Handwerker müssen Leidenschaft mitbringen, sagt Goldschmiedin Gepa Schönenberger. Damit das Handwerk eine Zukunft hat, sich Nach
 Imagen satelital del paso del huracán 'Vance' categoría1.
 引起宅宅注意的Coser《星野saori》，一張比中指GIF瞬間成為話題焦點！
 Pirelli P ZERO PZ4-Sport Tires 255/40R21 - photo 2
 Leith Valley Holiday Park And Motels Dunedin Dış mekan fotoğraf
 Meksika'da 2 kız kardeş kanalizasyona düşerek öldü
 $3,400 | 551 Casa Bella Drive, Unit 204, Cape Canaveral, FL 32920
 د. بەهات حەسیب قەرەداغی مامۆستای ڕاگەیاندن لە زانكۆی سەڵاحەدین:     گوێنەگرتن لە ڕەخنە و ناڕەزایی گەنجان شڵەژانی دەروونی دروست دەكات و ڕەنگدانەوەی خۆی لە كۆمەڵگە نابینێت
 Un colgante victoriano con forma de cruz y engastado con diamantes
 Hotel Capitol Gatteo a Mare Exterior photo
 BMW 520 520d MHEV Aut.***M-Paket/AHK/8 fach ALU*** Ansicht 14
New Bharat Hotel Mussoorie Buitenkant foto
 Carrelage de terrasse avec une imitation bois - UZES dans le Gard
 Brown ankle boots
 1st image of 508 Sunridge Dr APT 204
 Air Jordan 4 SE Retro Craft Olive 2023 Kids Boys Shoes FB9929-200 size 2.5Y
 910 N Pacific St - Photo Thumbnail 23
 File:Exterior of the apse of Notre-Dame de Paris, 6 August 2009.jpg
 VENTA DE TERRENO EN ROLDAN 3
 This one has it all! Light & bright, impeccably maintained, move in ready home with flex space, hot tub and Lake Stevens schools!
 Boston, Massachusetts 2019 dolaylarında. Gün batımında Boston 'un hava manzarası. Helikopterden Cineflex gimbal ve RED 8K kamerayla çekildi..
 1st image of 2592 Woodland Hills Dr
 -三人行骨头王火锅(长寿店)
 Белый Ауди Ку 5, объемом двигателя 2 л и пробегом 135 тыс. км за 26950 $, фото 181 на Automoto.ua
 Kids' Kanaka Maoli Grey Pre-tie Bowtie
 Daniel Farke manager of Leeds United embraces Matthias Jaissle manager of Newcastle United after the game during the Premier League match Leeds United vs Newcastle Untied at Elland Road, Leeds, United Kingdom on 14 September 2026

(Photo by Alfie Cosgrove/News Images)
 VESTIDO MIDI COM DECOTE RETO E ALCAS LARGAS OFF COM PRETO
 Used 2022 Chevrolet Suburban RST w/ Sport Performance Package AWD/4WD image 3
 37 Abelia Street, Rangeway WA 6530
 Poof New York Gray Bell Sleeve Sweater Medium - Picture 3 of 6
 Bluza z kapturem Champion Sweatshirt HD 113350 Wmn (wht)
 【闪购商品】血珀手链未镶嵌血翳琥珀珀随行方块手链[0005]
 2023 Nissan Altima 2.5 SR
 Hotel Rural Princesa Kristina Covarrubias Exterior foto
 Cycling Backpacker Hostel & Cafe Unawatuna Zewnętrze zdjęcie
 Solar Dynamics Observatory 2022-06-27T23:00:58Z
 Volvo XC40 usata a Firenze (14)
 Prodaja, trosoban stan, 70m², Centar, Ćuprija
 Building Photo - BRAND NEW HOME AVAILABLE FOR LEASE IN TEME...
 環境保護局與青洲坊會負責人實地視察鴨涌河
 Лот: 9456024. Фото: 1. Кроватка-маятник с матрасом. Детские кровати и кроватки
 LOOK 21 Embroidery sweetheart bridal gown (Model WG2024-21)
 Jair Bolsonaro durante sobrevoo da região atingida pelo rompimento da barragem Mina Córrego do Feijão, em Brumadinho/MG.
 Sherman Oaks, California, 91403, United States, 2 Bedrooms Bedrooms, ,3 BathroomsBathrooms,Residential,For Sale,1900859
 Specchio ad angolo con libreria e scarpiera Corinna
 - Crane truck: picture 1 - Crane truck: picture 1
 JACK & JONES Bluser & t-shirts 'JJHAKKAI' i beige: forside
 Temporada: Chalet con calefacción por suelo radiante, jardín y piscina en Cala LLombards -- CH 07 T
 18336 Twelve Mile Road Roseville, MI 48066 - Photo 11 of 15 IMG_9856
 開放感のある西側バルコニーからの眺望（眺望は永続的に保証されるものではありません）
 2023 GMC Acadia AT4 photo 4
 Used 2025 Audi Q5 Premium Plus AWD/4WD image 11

■ ■ ■ ■ ■

## ACTION ITEM
Only the lines from the one containing "開放感のある西側バルコニーか" through the last line of the material belong in your answer; output them exactly.

## PROBLEM SOLUTION
 開放感のある西側バルコニーからの眺望（眺望は永続的に保証されるものではありません）
 2023 GMC Acadia AT4 photo 4
 Used 2025 Audi Q5 Premium Plus AWD/4WD image 11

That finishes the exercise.